Pour les maîtres du bouddhisme tantrique du Tibet. Il existe dans l’homme un canal central parallèle à la colonne vertébrale qui seul contient des souffles purs (souffles de sagesse), tous les autres canaux contiennent des souffles impurs qui activent des schémas de pensée négatifs et dualistes. Au moment de la conception, l’essence du père et de la mère se rencontrent, attirant la conscience du futur enfant. Durant le développement du fœtus, l’essence blanche du père se repose dans le chakra au sommet de la tête, au-dessus du canal central, et l’essence rouge de la mère demeure dans le chakra que l’on situe 3 doigts au-dessous du nombril. Le yogi peut par la force de la méditation faire pénétrer les souffles dans le canal central et obtenir l’expérience d’éveil.

Commentaires et synthèse sur le rôle de chongmai

Le dao crée le chongqi dans l’axe central chongmai qui relie deux pôles yang et yin : le Ciel en haut et la Terre en bas, en analogie avec l’axe céleste tianshu.

Le rôle central de chongmai est souligné par le fait que le premier chapitre de Su Wen le mentionne : la puberté et la fécondité arrivent quand taichong est florissant, la ménopause et la dégradation du corps ont lieu quand taichong est faible et tout petit. Cet élan du chongqi chez l’adolescent se manifeste comme un courant pressant ou violent de passion et de fougue, le jeune qui cherche sa place au carrefour du monde peut facilement heurter son entourage quand il part à l’assaut.

C’est aussi le moment de recherche d’unification avec le dao, avec soi-même ou avec l’autre.
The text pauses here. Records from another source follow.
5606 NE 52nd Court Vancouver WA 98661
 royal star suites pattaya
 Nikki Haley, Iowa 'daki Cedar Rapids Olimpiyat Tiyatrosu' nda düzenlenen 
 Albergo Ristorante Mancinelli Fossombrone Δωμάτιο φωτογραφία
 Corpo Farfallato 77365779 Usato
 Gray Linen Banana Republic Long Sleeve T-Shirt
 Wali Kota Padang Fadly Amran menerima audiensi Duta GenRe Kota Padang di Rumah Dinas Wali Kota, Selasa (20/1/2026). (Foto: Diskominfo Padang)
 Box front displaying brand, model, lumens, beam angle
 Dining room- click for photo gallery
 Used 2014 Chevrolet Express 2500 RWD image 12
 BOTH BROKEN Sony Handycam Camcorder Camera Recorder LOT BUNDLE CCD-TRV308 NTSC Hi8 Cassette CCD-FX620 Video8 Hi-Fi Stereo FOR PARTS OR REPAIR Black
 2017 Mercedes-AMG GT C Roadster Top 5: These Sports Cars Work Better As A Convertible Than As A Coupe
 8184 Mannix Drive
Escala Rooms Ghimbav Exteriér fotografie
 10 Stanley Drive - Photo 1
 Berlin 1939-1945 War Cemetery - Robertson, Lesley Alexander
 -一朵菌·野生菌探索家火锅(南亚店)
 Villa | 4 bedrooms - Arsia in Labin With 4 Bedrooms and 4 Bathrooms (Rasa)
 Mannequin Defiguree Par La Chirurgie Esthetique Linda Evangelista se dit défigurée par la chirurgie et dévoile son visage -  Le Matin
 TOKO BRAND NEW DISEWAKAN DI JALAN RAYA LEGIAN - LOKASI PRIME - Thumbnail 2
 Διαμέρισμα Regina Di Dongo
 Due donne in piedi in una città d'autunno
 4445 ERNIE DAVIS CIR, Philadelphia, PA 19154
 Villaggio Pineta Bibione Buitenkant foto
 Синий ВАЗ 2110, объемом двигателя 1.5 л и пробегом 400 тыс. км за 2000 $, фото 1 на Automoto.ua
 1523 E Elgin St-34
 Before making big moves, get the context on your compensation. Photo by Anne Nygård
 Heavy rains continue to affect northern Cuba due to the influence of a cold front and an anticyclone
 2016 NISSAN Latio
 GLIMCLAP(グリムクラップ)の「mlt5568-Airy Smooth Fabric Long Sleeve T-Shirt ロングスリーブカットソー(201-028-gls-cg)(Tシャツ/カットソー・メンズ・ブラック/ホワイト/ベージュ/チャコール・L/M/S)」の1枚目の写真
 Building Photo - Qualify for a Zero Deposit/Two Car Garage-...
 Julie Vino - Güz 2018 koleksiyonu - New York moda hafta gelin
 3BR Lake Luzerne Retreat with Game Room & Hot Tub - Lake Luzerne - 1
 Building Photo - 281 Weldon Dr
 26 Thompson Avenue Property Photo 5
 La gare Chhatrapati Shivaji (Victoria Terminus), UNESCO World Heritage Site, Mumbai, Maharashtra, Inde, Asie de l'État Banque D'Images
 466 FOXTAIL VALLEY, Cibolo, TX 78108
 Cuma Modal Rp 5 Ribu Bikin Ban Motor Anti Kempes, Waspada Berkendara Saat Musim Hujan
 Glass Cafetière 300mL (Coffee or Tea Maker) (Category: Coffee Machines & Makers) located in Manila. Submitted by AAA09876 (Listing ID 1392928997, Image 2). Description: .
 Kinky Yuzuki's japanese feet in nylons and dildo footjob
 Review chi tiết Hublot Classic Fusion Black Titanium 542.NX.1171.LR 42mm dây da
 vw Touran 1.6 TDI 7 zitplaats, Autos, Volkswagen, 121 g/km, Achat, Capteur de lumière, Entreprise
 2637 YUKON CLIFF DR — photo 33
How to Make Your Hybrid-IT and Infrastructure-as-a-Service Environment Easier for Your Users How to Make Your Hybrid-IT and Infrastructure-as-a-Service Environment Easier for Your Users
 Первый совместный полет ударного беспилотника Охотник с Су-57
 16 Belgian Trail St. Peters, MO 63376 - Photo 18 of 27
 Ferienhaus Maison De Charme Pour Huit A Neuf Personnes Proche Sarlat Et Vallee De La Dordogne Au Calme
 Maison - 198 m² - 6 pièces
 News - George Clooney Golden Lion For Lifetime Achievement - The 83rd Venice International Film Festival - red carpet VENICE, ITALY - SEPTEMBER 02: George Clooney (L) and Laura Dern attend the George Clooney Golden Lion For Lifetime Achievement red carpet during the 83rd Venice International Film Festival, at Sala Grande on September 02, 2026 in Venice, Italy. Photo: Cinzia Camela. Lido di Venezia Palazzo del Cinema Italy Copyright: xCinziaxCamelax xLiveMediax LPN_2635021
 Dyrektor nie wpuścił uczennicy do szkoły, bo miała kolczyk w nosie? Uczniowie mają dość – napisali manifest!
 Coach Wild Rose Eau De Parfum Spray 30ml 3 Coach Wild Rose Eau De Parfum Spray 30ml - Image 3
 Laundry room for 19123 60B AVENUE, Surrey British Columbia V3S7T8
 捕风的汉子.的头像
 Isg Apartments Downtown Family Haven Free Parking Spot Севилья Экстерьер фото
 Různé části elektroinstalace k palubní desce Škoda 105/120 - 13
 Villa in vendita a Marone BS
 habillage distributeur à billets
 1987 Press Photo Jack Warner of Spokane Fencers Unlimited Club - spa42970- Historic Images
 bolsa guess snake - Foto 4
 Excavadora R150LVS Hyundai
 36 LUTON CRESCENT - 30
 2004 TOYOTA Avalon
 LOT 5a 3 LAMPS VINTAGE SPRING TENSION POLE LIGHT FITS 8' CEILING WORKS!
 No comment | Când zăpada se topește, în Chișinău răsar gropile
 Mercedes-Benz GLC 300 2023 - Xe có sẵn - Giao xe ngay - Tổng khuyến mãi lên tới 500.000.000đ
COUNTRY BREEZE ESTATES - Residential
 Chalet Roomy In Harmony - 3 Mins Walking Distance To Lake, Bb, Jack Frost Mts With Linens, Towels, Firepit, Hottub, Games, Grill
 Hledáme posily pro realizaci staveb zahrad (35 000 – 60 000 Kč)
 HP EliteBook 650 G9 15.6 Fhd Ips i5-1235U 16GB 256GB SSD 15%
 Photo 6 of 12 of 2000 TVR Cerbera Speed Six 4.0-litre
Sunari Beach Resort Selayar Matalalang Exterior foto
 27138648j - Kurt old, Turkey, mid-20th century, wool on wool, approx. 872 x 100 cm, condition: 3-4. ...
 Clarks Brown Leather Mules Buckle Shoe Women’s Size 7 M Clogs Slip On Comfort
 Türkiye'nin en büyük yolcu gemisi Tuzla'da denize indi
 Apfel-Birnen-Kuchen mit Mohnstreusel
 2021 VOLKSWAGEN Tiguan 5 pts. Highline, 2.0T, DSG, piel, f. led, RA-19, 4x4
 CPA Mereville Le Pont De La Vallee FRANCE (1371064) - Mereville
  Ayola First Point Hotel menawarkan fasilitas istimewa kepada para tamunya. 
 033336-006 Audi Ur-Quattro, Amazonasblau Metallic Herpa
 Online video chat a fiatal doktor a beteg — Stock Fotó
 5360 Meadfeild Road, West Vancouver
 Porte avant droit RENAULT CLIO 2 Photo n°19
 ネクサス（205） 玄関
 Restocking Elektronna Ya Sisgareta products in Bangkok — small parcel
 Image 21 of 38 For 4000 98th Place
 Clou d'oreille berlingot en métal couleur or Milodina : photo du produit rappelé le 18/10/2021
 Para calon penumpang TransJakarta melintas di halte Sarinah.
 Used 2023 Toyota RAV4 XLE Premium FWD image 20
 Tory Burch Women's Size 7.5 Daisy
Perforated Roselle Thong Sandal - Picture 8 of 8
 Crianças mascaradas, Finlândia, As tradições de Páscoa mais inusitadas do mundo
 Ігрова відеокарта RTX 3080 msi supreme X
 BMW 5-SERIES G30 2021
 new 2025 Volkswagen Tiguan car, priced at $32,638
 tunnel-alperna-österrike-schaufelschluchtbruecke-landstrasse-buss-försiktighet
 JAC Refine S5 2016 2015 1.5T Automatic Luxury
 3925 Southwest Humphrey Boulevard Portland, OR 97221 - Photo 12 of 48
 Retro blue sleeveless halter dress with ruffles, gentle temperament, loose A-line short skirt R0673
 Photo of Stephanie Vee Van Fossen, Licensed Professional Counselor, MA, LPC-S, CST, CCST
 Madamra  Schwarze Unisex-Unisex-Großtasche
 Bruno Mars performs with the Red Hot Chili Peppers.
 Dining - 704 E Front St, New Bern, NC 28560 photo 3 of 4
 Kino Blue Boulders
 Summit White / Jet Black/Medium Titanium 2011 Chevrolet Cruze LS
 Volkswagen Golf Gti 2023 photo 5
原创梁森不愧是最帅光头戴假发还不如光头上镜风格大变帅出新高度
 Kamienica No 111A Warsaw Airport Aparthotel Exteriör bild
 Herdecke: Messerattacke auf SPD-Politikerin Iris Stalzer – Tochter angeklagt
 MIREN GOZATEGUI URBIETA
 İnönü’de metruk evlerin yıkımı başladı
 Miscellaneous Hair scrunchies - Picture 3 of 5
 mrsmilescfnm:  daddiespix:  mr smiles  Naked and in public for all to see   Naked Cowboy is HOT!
On comprend que chongmai ne possède pas de points propres et de croisements avec d’autres Méridiens, car les relations avec le dao ne sont pas visibles et pourtant le dao est au centre de tout. Chongmai est la source invisible de dumai et renmai dans le vide des orifices de l’anus et de la bouche. Dans le grand vide de tout le tube digestif est engendré un courant pressant descendant qui transporte la nourriture dans le sens opposé du courant ascendant de chongmai.

En conclusion, chongmai doit garder son rôle unificateur, ce qui n’empêche pas de l’utiliser dans ses indications modernes. En remontant aux sources de l’acupuncture, surtout par l’étude des anciens noms des points en relation avec chongmai, nous pouvons atteindre une véritable connaissance de ce merveilleux vaisseau.